Overall: Good, but lacking something and so not great.
Book: Winterglass by Benjanun Sriduangkaew
Amount read: 100%
Thoughts: I quite liked this! It was super weird and unsettling though and definitely had flaws. I loved the setting, which felt genuinely strange and fantastical. I took a little while to warm to the characters but I did generally quite enjoy inhabiting their point of view for a while. I was totally taken aback by the ending though, which was not what I expected at all - I couldn't decide if it was just a surprising twist that I should take at face value or if it was setting things up for something else that's part of a longer book? It was very short and, by the end, I actually kind of wished it had been longer/wanted to know what would happen next.
I did find the book's approach to gender a little distracting - I couldn't decide whether it was trying to do something clever that I wasn't understanding or if it was just being boundary pushing in places or what. I particularly found General Lussadh confusing - she's referred to by female pronouns throughout but clearly has male anatomy and I wasn't sure what that was supposed to convey to me in terms of the character and or her relationships. I also found the sex included in the story felt a little forced in places, but it is a thing which is hard to write well, so I'm not knocking off major points for that.

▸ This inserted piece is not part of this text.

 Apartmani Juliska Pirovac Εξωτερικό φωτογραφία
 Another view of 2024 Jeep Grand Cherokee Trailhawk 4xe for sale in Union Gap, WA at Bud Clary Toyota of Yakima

Overall: Intriguing. I would definitely read a sequel to this (I wonder if there is one)
Book: Exit West by Mohsin Hamid
Amount read: 21%
Gave up because: I just found the narrative incredibly stilted and found the air of disconnect that the story (such as it was) fostered unappealing. I picked it up in the first place because I found it in the shared kindle library, saw it was on the Booker shortlist and wondered whether those two things together implied something more interesting than run of the mill literary fiction. I have to say that if it did, it didn't keep me interested long enough to get to it.
Predictions for the rest of the story: Saeed and Nadia get together and try to leave the terrible war torn Middle East for the West but discover that things are bad for them there in different ways.
Overall: Standard issue lit fic without enough heart to grab the attention.